• [PROVIDED MATERIAL]
☆ ☆ ☆ ☆ ☆
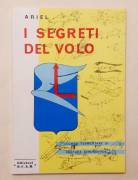 I segreti del volo.Corso elementare di Cultura Aeronautica di Ariel Edizioni E.C.A.R. senza data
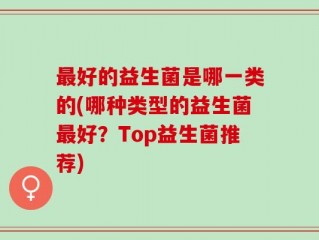 最好的益生菌是哪一类的(哪种类型的益生菌最好？Top益生菌推荐)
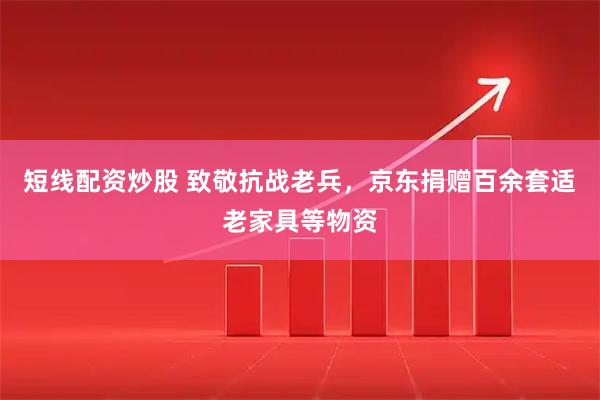 短线配资炒股 致敬抗战老兵，京东捐赠百余套适老家具等物资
☆ ☆ ☆ ☆ ☆
• [WORK ITEM]
Reproduce the entire listing above precisely, but keep the images out.

• [YOUR RESPONSE]
 I segreti del volo.Corso elementare di Cultura Aeronautica di Ariel Edizioni E.C.A.R. senza data
 最好的益生菌是哪一类的(哪种类型的益生菌最好？Top益生菌推荐)
 短线配资炒股 致敬抗战老兵，京东捐赠百余套适老家具等物资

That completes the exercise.